Early in his career, singer/songwriter Elvis Costello got involved in a nasty fight with members of Bonnie Bramlett's band over a racist remark aimed at Ray Charles. That racial slur, despite a subsequent apology, marred Costello's career.
Since then, however, Costello has shown himself to be a complex songwriter with a well-deserved reputation for being politically progressive. In recently moving from Columbia to Warner Bros., Costello had a clause inserted into his contract regarding South Africa that commands respect.
His agreement, dated July 30, states, "Warner Bros. shall not exploit or authorize the exploitation of any masters hereunder on records in the Republic of South Africa until such time as WB and artist mutually agree in writing that the apartheid system has been ended in that country and has been replaced by a political system which permits majority rule."

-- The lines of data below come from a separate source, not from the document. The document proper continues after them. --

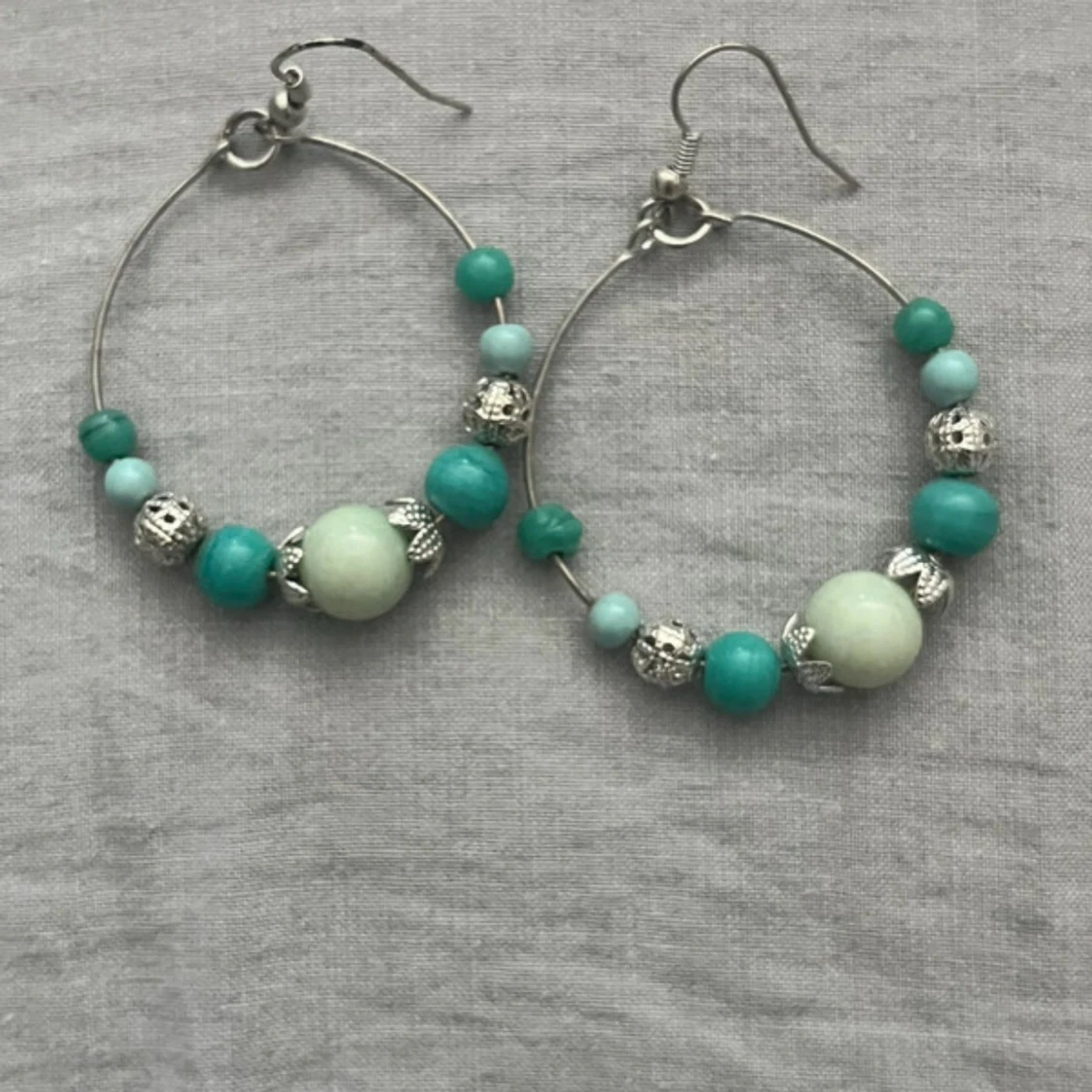 Stora örhängen med turkosa pärlor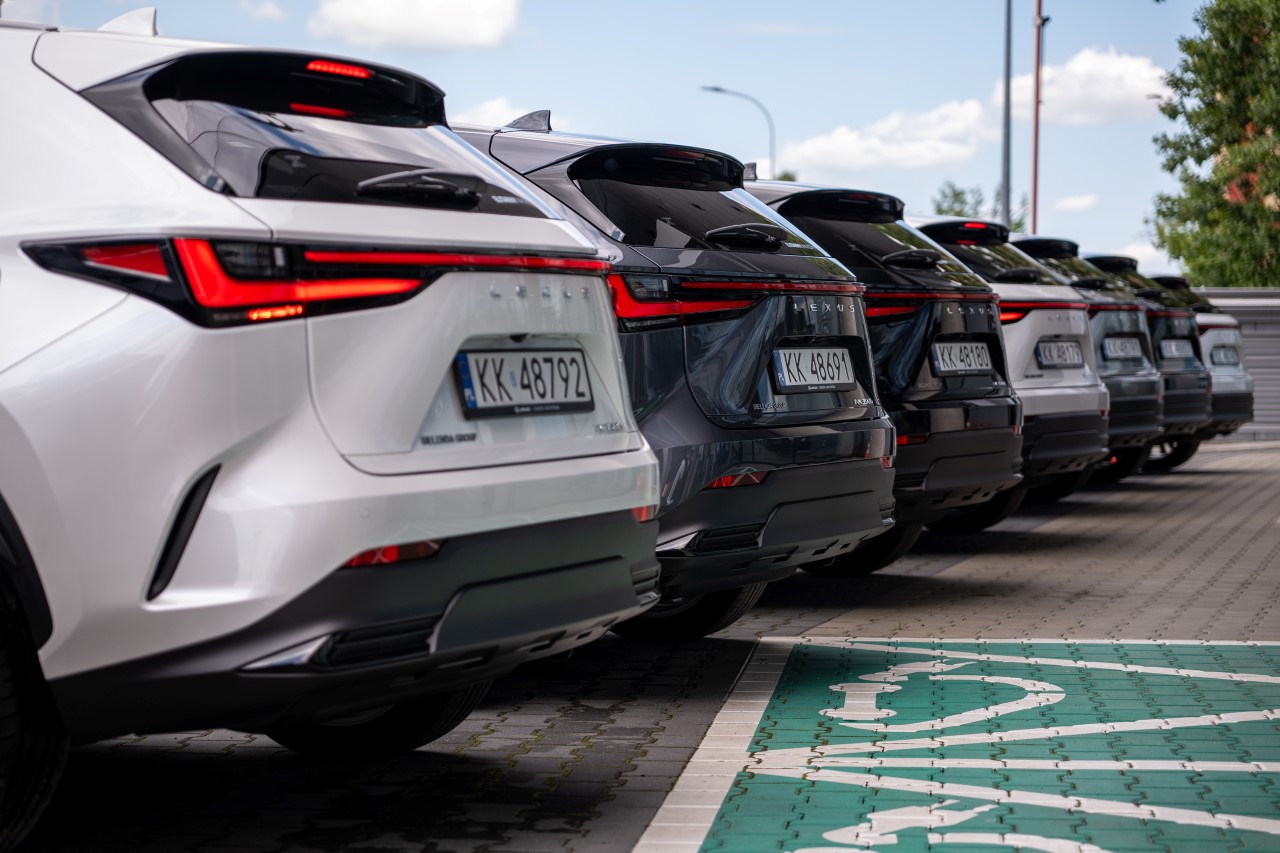 HYBRYDOWE LEXUSY NX DOŁĄCZYŁY DO FLOTY FIRMY BIELENDA
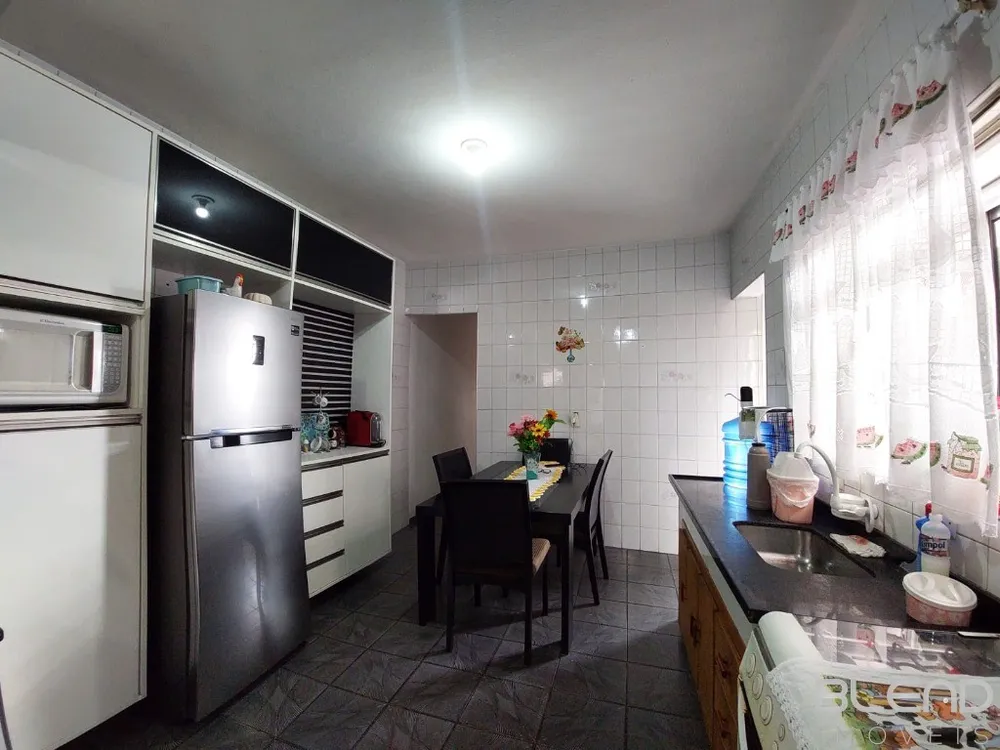 Casa, 5 quartos, 158 m² - Foto 4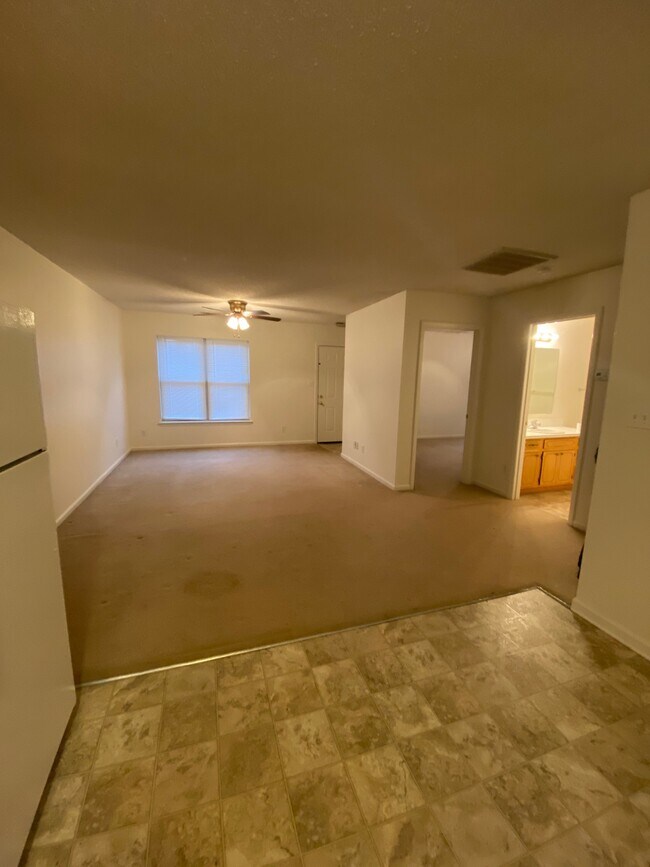 Foto del edificio - 2621 31st Avenue Ct NE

During the last two years, there have been calls for the record industry to divest its interests in South Africa. And, thus far, little has been done. Chances are, little will be done by the labels — which is why the action Costello has taken is so important. If each artist who claims to be concerned about the repression of the black majority in South Africa (and everyone seems to give it lip service these days) were to follow this Brit's lead, then the industry would be performing a de facto divestment.
All it takes is one performer at a time taking a stance, saying no to the sale of his recordings there, to make the kind of economic and moral statement that means something. Who'll be next?